● **Exercise brief**: Transcribe everything in the listing as written, and let no image into the copy.
[[ Supplied material open ]]
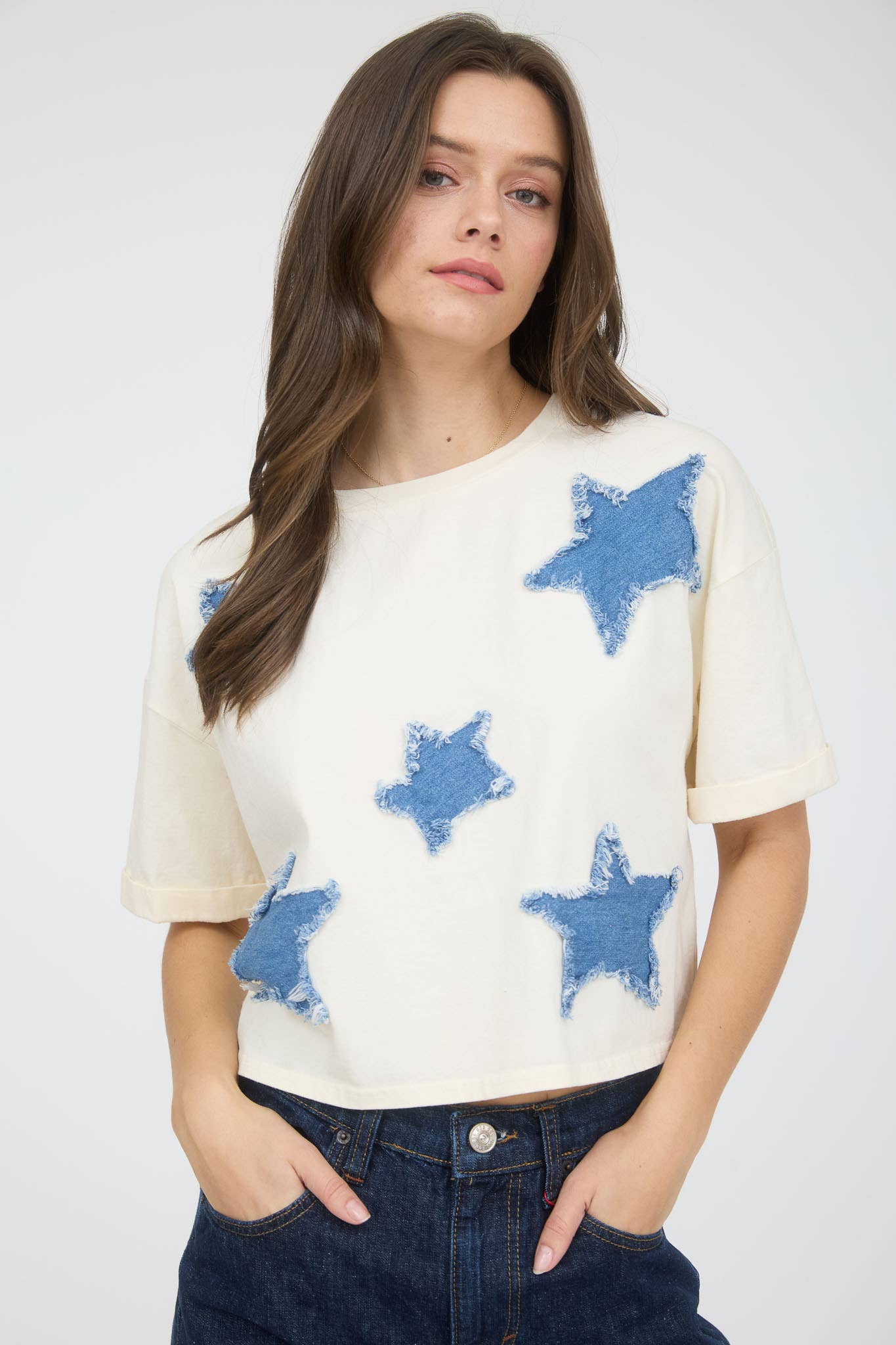 Denim Star Patch Boxy Crop Tee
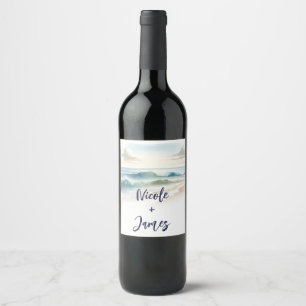 Étiquette Pour Bouteilles De Vin Vagues de plage à l'aquarelle Mariage rustique côt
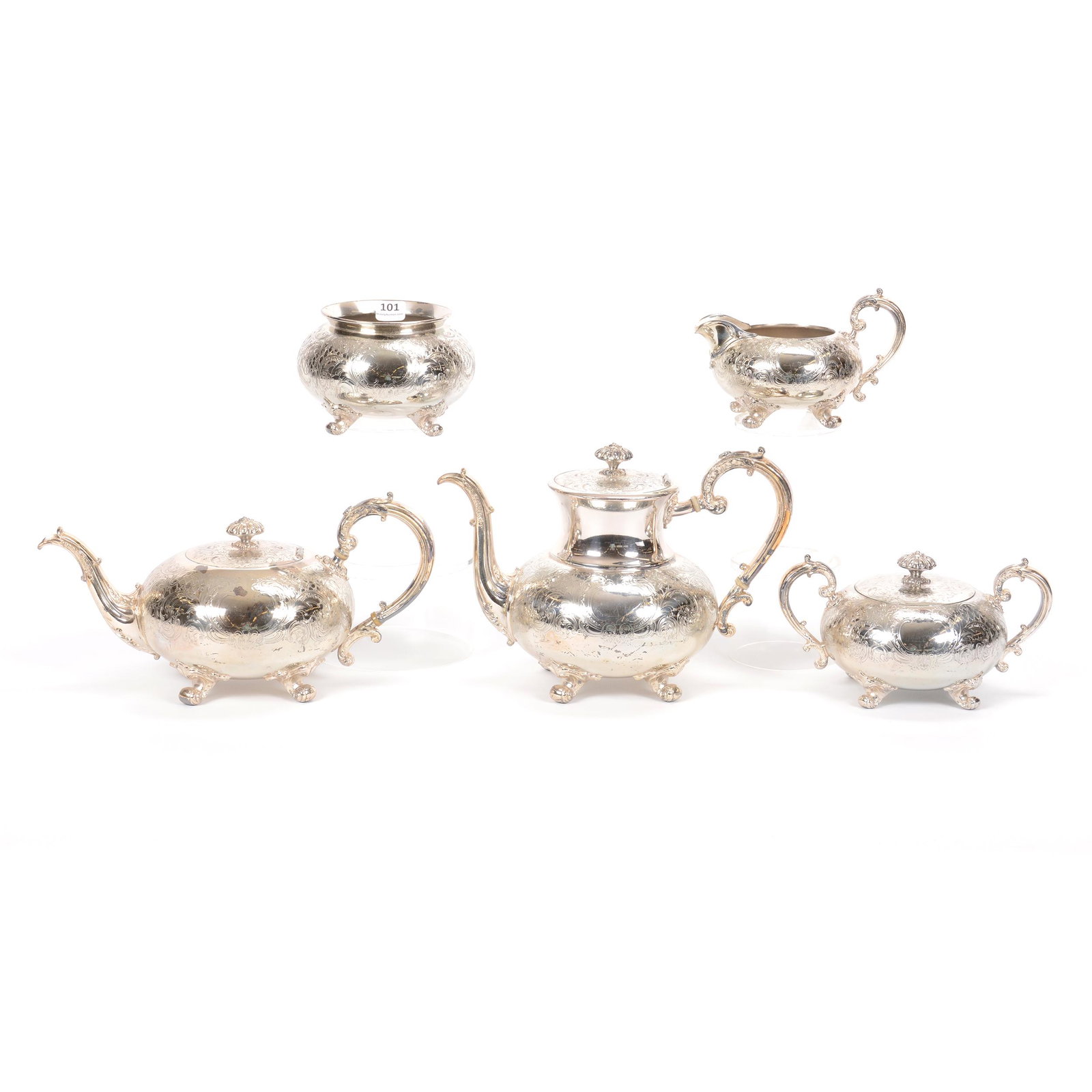 Tea Set, Five Piece Silverplate, Reed & Barton #3765: Tea Set, Five Piece Silverplate, Reed & Barton #3765, (1) 7.25" X 10" Coffee Pot, (1) 5.75" X 11" Tea Pot, (1) Creamer, (1) Sugar, and (1) Waste Bowl; the Collection of Mrs. R. and the Late Dr. S. Ale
[[ Supplied material closed ]]
● **Exercise solution**:
 Denim Star Patch Boxy Crop Tee
 Étiquette Pour Bouteilles De Vin Vagues de plage à l'aquarelle Mariage rustique côt
 Tea Set, Five Piece Silverplate, Reed & Barton #3765: Tea Set, Five Piece Silverplate, Reed & Barton #3765, (1) 7.25" X 10" Coffee Pot, (1) 5.75" X 11" Tea Pot, (1) Creamer, (1) Sugar, and (1) Waste Bowl; the Collection of Mrs. R. and the Late Dr. S. Ale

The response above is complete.